Connecting pinball resources

I’ve been talking with @haugstrup about what might be a good way to facilitate cross linking between all those tournament player resources the community has been coming up with lately. IPDB IDs seem like a good idea, but for the purposes of players, as opposed to collectors, there’s too much fragmentation there, with different runs of the same machine having different IDs.

For this reason, I’ve started to maintain a simple API that takes in an IPDB ID and responds with an IPDB group ID, where an IPDB group is just a collection of all the IPDB entries that are basically the same machine.

Example link: http://pinballvideos.com/api/ipdb_group/5753

This will look up the group ID for Transformers LE (IPDB 5753), which you can then use to link to resources that are based on group IDs, e.g. http://pintips.net/ipdb/5709 or http://pinballvideos.com/?m=5709. The other way round, if you’re storing actual IPDB IDs and want to facilitate incoming links from applications that are using the group ID, the response will also give you a list of all IPDB entries belonging to that group.

Disclaimer:

Feel free to use this in any way you like, but please be aware of some pitfalls:

To keep things simple, the IPDB group ID is just the lowest IPDB ID of all the machines belonging to the group.

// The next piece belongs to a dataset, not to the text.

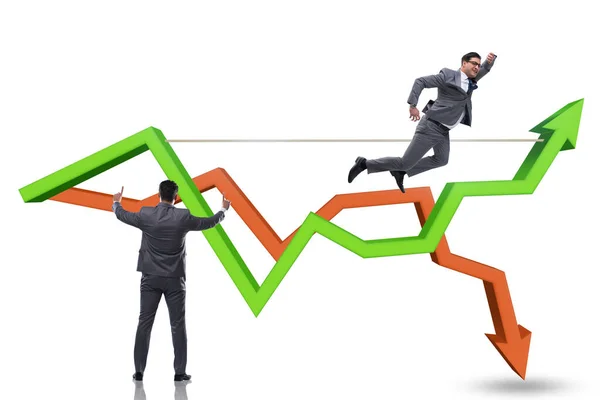 Businessman balancing on tightrope on line chart — Stock Photo, Image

On one hand, this makes things easier, in that every machine automatically comes with a group, on the other hand, this means that the group ID might be subject to change for a couple of reasons:

At the moment, I’ve got all the machines listed on pinballvideos.com covered, but there’s lots of others that are not assigned to their actual groups yet, so those might switch groups in the future.

Also, whether two IPDB entries can be considered “basically the same machine” for players’ purposes can be a difficult decision at times, so this might also be a reason for future group changes.

Basically, this means that if you’re using this API for linking purposes, it would be best to not cache the results for very long, if at all.

Apart from that, I think this should work pretty well to connect different pinball resources – I’m currently using it to accept IPDB ID links to pinballvideos.com myself.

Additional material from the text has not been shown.